(Items from a dataset)
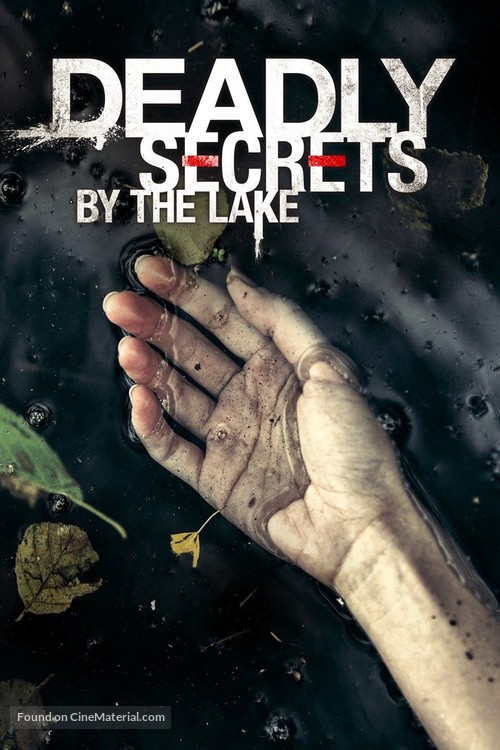 Deadly Secrets by the Lake - Canadian Movie Cover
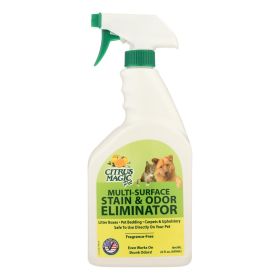 Citrus Magic Pet Stain & Odor Eliminator Spray 22 oz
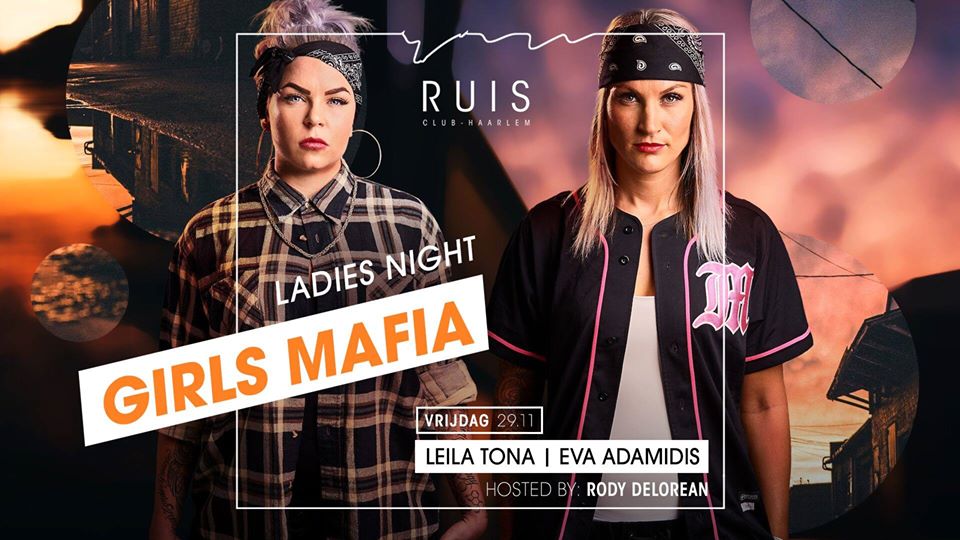 Club Ruis Invites Girls Mafia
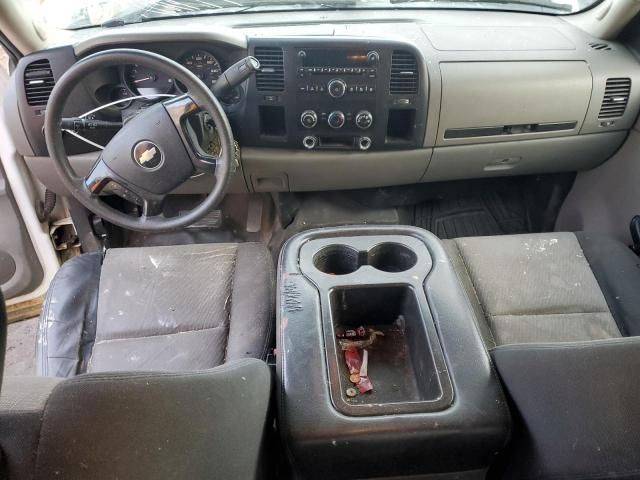 2008 Chevrolet Silverado C1500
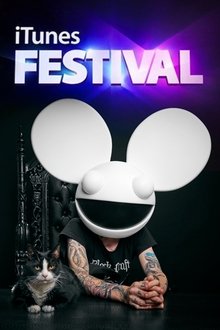 Deadmau5 Live at iTunes Festival 2012 movie poster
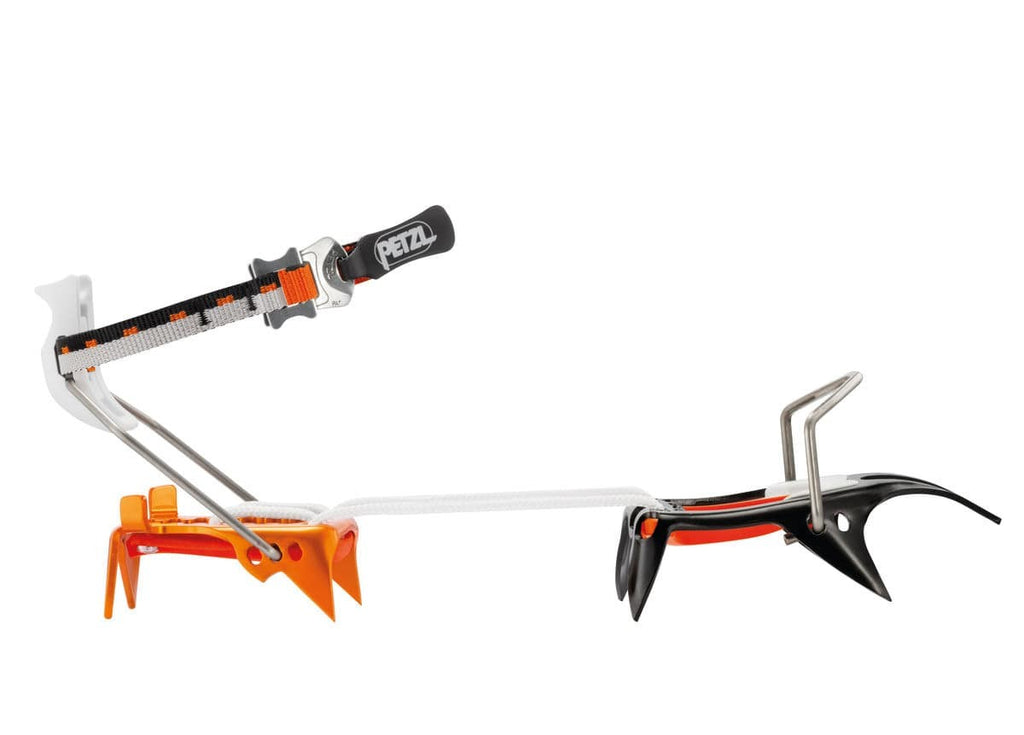 Fast/Semi-Fast Crampon Petzl Irvis Hybrid | www.lightgear.gr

▸ **What you are asked to do**: Using the records above, reproduce exactly the lines from the line containing "2008 Chevrolet Silverado C1500" through the last line, with both ends kept and no pictures.

▸ **Expected answer**:
 2008 Chevrolet Silverado C1500
 Deadmau5 Live at iTunes Festival 2012 movie poster
 Fast/Semi-Fast Crampon Petzl Irvis Hybrid | www.lightgear.gr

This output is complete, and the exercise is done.